Прочитав об этом, я внутренне вздохнула и приготовилась к тягомотному рассказу о всех мелочах. Его я и получила, хотя он был смягчен интроспекциями Тодда в свою душу и историями из прошлого, иногда забавными, иногда поучительными, иногда страшноватыми. Но у произведения есть и один большой плюс (на мой взгляд, он не перевешивает минусы, но хотя бы подслащивает пилюлю) — концовка. Она логична, но неожиданна: по крайней мере, читатель испытывает хотя бы одну сильную эмоцию за все произведение. Слово «оглоушил» подходит больше всего, пожалуй, для определения поворота событий. К слову сказать, в первом издании книги концовка была изменена некоторым образом; я читала оригинальную версию.
В качестве цитаты я приведу достаточно большой кусок текста, чтобы можно было отчетливо понять, почему я так не полюбила язык героя и заодно его занудливый педантичный характер.
Прежде чем писать дальше, несколько минут я провел, со всех сторон рассматривая эти слова, а рассказать, что при этом чувствуешь, куда трудней, чем просто сидеть да смотреть; позвольте, я воспользуюсь промежутком, чтобы, насколько смогу вразумительно, сообщить, что это за «Размышления» такие, откуда они взялись и частью какого замечательного замысла являются, — а они именно часть замысла.
Полное заглавие, если рукопись эта когда-нибудь будет доведена до конца, а значит, и заглавие понадобится, должно звучать так: «Размышления о причинах и обстоятельствах, сопутствовавших гибели от собственной руки Томаса Т. Эндрюса из Кембриджа, штат Мэриленд, в 1930 году, в День сурка (преимущественно о причинах)» — что-нибудь в таком духе. В общем, попытка понять, отчего повесился мой отец, не больше.
И не меньше, поскольку, проведя два года в выяснениях, разысканиях, чтении и разглядывании стены, я пришел к выводу, что ничего нет столь зыбкого, как причины, вызывающие любой человеческий поступок. Дело-то простое — неделя за неделей изучать банковские счета, бухгалтерские книги, письма от маклеров, месяцами просматривать старые газетные подшивки, курсы акций в тот период на бирже, тома по экономической истории и теории, несколько лет подряд как бы из пустого любопытства расспрашивать всех и каждого, кого с отцом связывало не совсем мимолетное знакомство.
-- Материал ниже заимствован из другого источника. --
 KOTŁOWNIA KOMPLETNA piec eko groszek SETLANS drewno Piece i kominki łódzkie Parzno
Все это только относительно добросовестный сбор материала. Но вот когда накопившуюся информацию начинаешь обдумывать, пытаясь точно — настолько точно, чтобы никаких вопросов не возникало, — установить из нее причину того, что было сделано, тут все совершенно по-другому. […]
Нешуточная задача: я ведь намереваюсь изучить все, что можно изучить в связи с жизнью отца, и, насколько такое осуществимо, проникнуть в глубины его личности. А чтобы это сделать, предстоит мне мало того что повторить, только на более солидных основаниях, все расследование, понадобившееся для первых «Размышлений», но еще и заняться кое-чем дополнительно, — скажем, перечитать все книги, которые, насколько мне известно, читал отец, постаравшись при этом выявить возможное их воздействие на его характер, его образ мыслей. Если можно сравнивать бесконечности, эта задача еще необъемнее предшествующей. […]
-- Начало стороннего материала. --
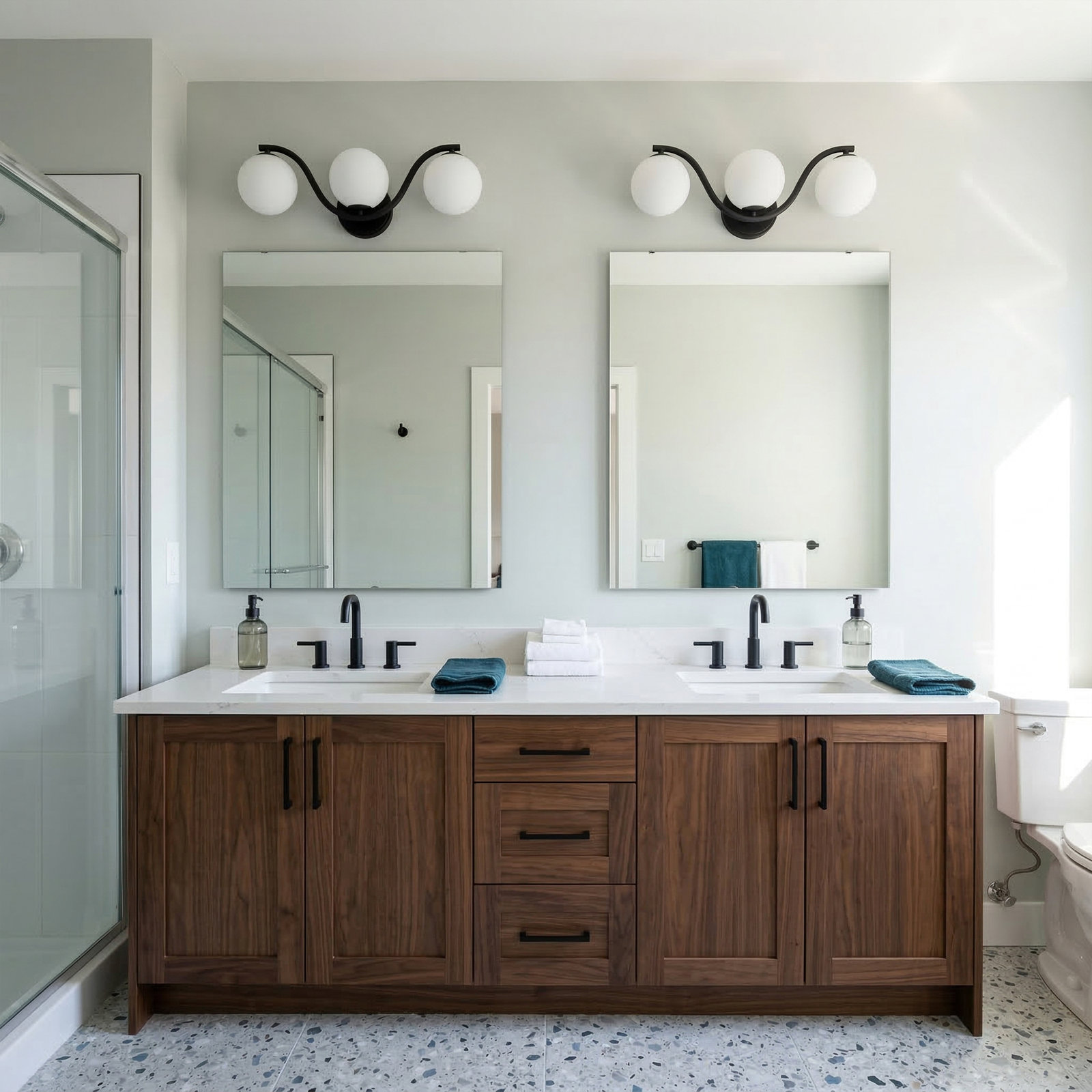 3-Light Dimmable Vanity Light, Matte Black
Теперь вам, думаю, понятно, отчего в 1937 году рядом со столом стояли у меня три ящика из-под персиков: в одном были материалы, относящиеся к «Размышлениям» о жизни, в другом — касающиеся «Размышлений» о смерти, в третьем хранились сложенные как попало «Размышления» о моей персоне. А в картонной коробке (от «Мортоновских чудесных томатов») лежали черновики письма к отцу. Понятно, он его теперь уж не прочтет. Если вам не дано почувствовать, что сей факт лишь по-новому доказывает неполноту понимания между ним и мной, тем самым усугубляя потребность в окончании письма, а вовсе не в его уничтожении, тогда, стало быть, понимание между мной и вами тоже далеко от совершенства. Но уж тут вам без моей помощи придется обойтись, я и так сверх всякой меры занят тремя этими ящиками и картонной коробкой — четырьмя своими взаимосвязанными начинаниями, которые, подобно параллельным линиям, пересекутся лишь в бесконечности.
Четыре здоровых ящика, заполненных только бумагами, которые он самолично исписал, — представьте себе это зрелище!
У Джона Барта все-таки есть определенный шарм, то есть несмотря на мое явно негативное восприятие, бросать книжку я не стала (за что и была вознаграждена в конце). Но понравится она далеко не каждому — тут надо любить неспешное повествование, человеческую рефлексию и самому быть в чем-то философом. Людям же с холерическим складом характера я бы искренне советовала воздержаться от прочтения: вознегодуют, изведутся от скуки и завязнут на первых страницах.